Time stood still yesterday.

Not literally, of course, because I'm not Joshua asking God to make the sun halt in the sky while I defeat all of Israel's enemies.

But you know what I mean, right? A moment where you can hear your heart beating in your ears, and the rest of the world fades to fuzzy, and your brain slows its firing...time stands still.

It started out like a lot of days around here. The boys woke up too early, and I hadn't had enough coffee yet, so I was moving slow.

I made breakfast, set out clothes for the kids to put on, made my bed, brushed my teeth, broke up a fight, cleaned up breakfast dishes, answered a question about something, poured a cup of juice, took a gulp of coffee, muttered a prayer under my breath, found a cartoon for the 3-year-old, and herded the 6, 9, and 11 year old upstairs to start school. All this happened at a normal pace, without a pause in the space-time continuum. (since I don't have a flux capacitor handy)

School was more of the same multi-tasking. Explain the math lesson to the 6th grader, remind the 1st grader how to form the letter 'b,' listen the the 3rd grader reading his book, mark the day on the attendance sheet, break up an argument, sharpen a pencil, take a gulp of coffee, mutter a prayer under my breath, give a spelling quiz, write math problems on the white-board...

After a half hour everyone was started on some seat work, and I decided the cartoon I had started for the 3-year-old had probably ended and I should check on him, so I gave instructions for the other three kids to finish what they were working on and then take a break, and I headed downstairs. In the hall, I picked up three socks laying in the floor (without pausing to wonder where the 4th sock was), then I picked up a shirt (I knew that had come off my 6-year-old's back on his way to the school room, because he is always peeling off his shirt in random places) followed by an apple core (it had certainly been laying there since the day before) and a used and discarded band aid (which could have come off any of my kids, since they all seem to be injured right now.)

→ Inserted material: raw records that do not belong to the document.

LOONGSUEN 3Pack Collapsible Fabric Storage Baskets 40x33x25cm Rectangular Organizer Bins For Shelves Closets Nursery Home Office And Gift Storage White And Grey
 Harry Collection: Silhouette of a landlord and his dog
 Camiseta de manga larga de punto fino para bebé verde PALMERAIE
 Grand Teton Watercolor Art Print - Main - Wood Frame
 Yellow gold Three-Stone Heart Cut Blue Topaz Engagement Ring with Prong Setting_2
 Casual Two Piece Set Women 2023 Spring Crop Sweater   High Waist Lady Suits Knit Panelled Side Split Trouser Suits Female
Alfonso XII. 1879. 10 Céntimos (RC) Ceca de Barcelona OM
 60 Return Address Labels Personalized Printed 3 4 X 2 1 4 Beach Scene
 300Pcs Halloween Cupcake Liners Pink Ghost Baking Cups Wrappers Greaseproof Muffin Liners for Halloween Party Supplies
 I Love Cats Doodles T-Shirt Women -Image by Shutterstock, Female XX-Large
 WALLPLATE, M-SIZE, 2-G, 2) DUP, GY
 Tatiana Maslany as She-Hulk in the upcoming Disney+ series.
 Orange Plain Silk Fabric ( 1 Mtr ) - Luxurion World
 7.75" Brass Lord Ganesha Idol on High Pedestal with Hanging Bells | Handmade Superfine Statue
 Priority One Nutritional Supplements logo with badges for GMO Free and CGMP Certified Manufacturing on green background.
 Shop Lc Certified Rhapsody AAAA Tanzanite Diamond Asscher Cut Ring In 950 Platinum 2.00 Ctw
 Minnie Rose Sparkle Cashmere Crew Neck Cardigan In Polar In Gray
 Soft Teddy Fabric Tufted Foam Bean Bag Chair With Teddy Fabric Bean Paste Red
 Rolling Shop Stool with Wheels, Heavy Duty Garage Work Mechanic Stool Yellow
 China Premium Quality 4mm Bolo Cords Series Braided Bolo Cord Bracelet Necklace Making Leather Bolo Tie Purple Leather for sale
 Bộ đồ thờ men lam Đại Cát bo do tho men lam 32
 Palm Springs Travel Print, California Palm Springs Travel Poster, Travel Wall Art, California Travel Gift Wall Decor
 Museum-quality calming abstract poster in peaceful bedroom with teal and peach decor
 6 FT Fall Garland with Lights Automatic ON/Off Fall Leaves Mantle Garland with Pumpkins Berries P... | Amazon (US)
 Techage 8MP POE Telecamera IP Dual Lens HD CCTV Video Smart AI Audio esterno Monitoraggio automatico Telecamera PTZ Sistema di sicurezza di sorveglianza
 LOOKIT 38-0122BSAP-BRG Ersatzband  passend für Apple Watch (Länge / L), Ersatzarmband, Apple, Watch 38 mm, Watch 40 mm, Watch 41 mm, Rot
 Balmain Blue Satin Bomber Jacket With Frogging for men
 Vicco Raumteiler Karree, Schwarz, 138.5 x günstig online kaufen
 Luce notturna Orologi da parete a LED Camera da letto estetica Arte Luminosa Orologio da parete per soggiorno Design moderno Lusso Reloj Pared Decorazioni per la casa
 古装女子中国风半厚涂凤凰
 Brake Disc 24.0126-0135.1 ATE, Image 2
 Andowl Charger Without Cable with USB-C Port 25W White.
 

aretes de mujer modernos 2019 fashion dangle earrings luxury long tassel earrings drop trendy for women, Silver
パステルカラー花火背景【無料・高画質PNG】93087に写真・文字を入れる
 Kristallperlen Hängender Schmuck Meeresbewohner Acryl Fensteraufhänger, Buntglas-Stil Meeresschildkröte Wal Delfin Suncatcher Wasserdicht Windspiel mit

I was still holding my random collection of items when I entered my bedroom.

And time stood still.

Because my three-year-old was nowhere to be seen, but the evidence that he had been busy was still present.

Covering my carpet in a random pattern was a lovely shade of bubble-gum pink fingernail polish.

I could hear my heart beating in my ears. I could feel my chest rising and falling. I could smell my brain heating up, I could see the room becoming fuzzy, I could taste the blood from where I was biting my lip.

Moments passed.

(In fairness to Gabe, the carpet really needed some pink. I mean, it already boasts lovely shades of black sharpie, bronze powder, gray eyeshadow, blue juice, and several brown vomit stains from the last round of stomach flue. What it was really missing was some bright pink fingernail polish.)

When time began to move forward again, I realized I had mutilated the apple core, squishing it together with the bloody band aid and squeezing the juice between my fingers. I quickly discarded it in the trash can, added the now empty bottle of nail polish, and tossed the three socks and one shirt in the dirty clothes hamper.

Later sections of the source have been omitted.